● Exercise
With the images removed, reproduce each entry below word for word.

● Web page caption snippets
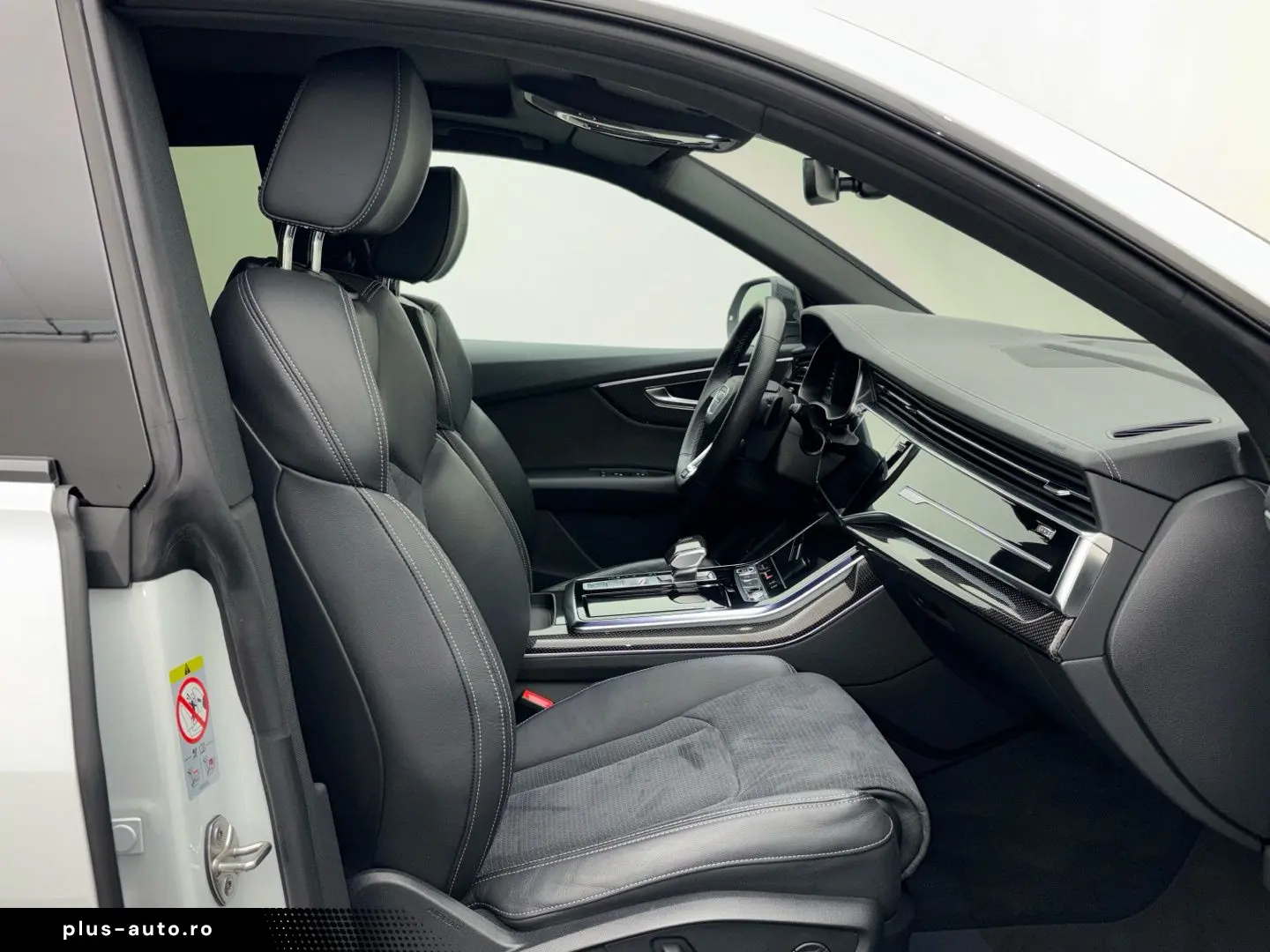 AUDI Q8 competition plus 50 TDI quattro Matrix Pano.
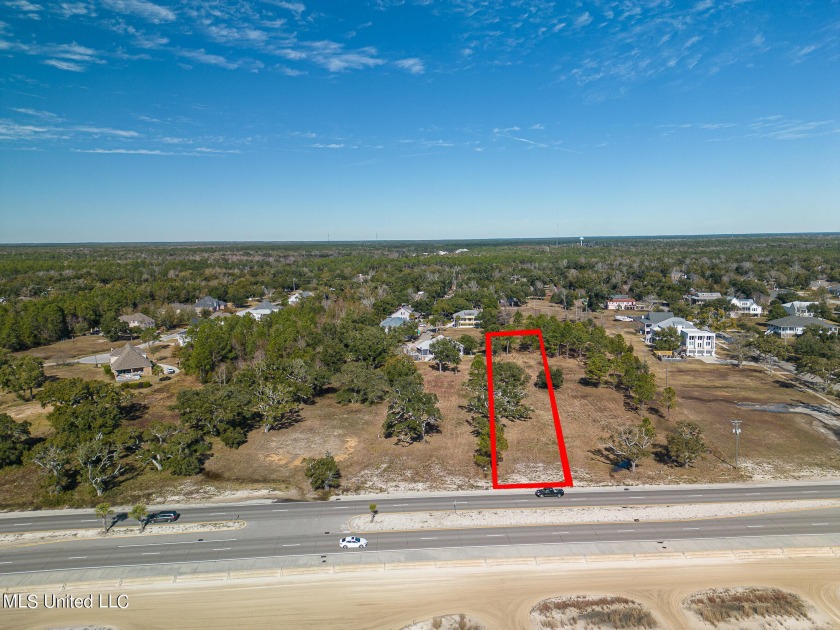 The lot you have been waiting for is now available. This 93 foot - Beach Lot for sale in Pass Christian, Mississippi on Beachhouse.com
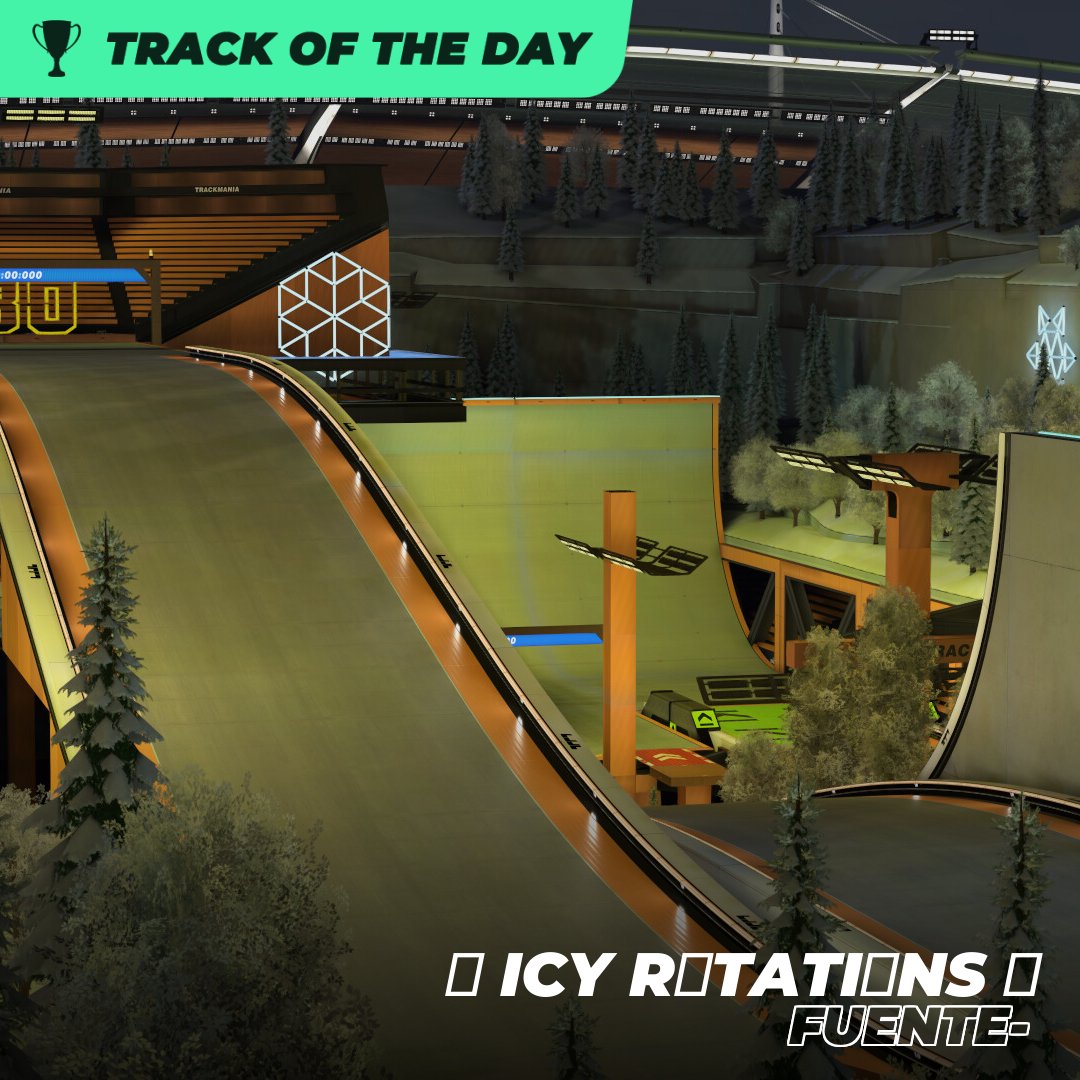 Trackmania tweet media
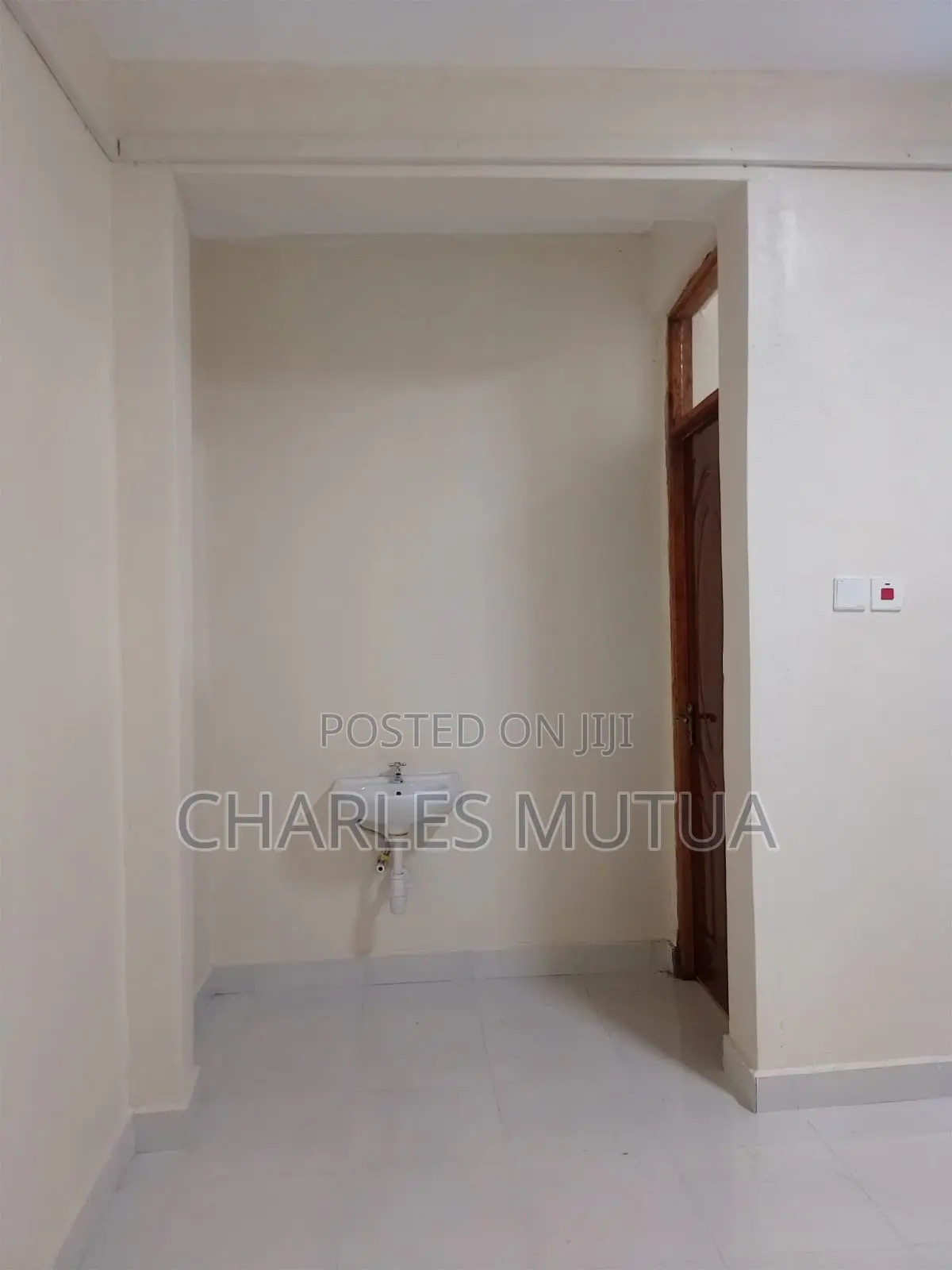 1bdrm Bedsitter in Junction for rent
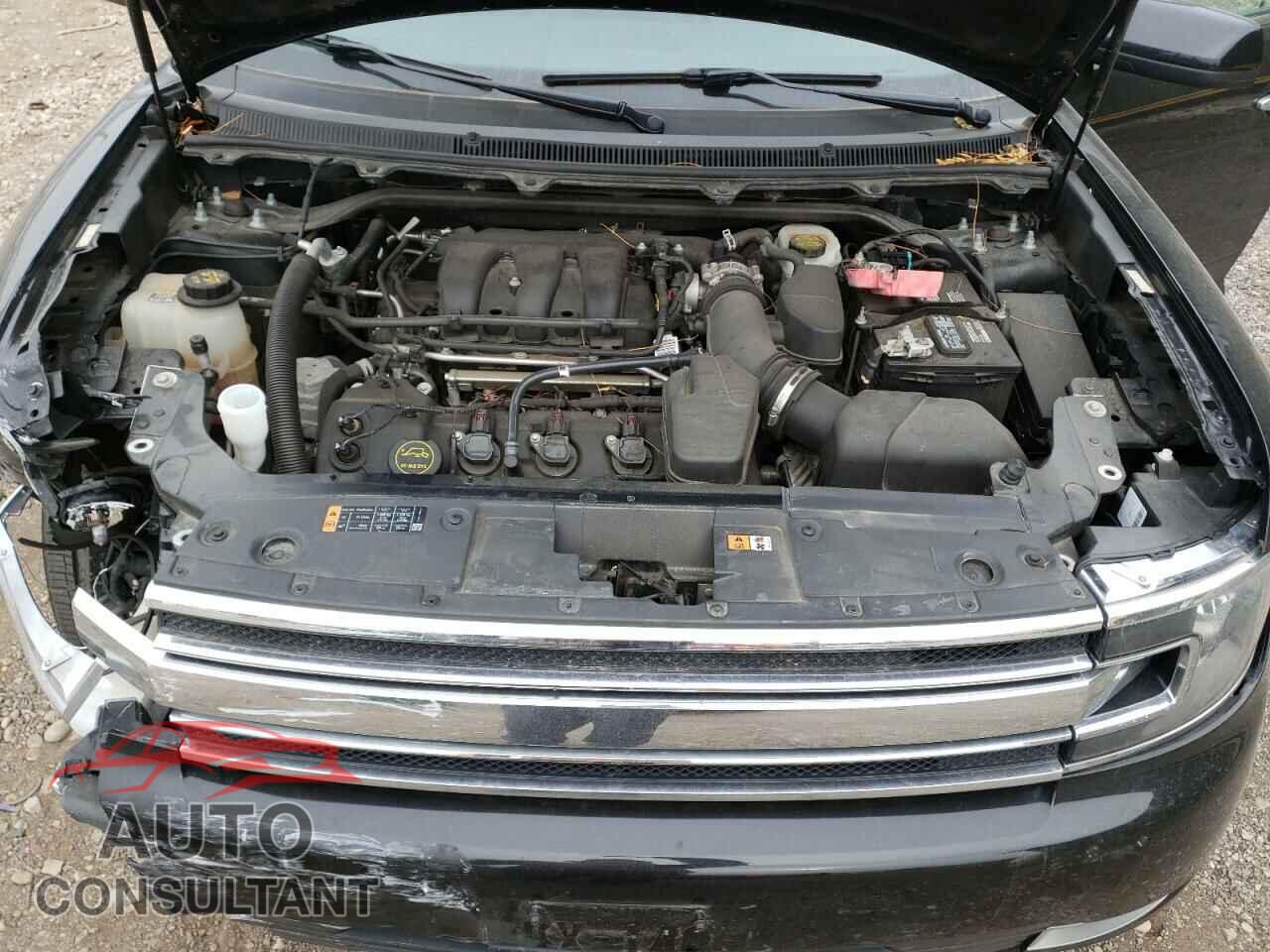 FORD FLEX 2016 - 2FMGK5C82GBA04692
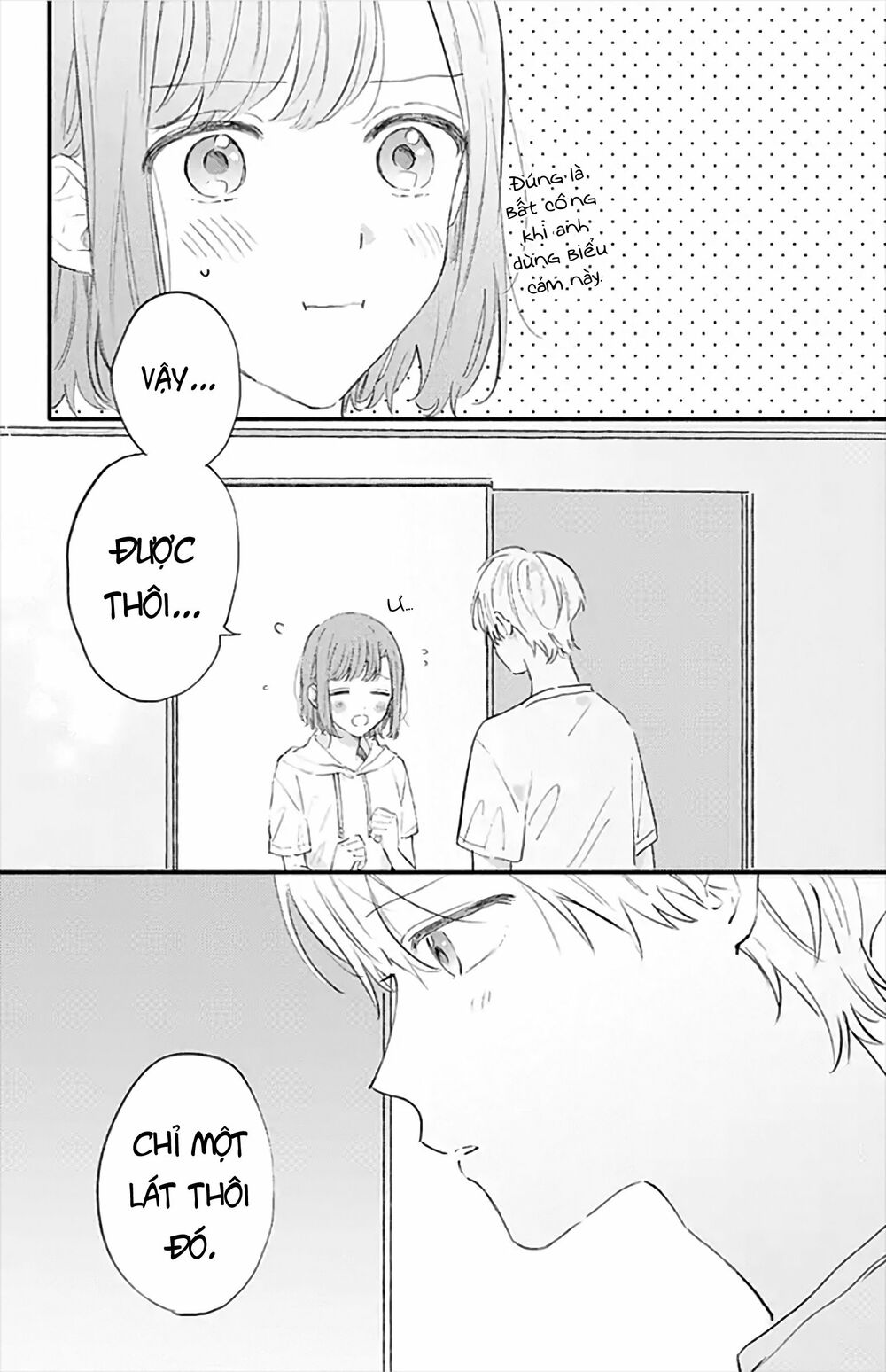 Sei-chan, your love is too much!: Chapter 20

● Your solution
 AUDI Q8 competition plus 50 TDI quattro Matrix Pano.
 The lot you have been waiting for is now available. This 93 foot - Beach Lot for sale in Pass Christian, Mississippi on Beachhouse.com
 Trackmania tweet media
 1bdrm Bedsitter in Junction for rent
 FORD FLEX 2016 - 2FMGK5C82GBA04692
 Sei-chan, your love is too much!: Chapter 20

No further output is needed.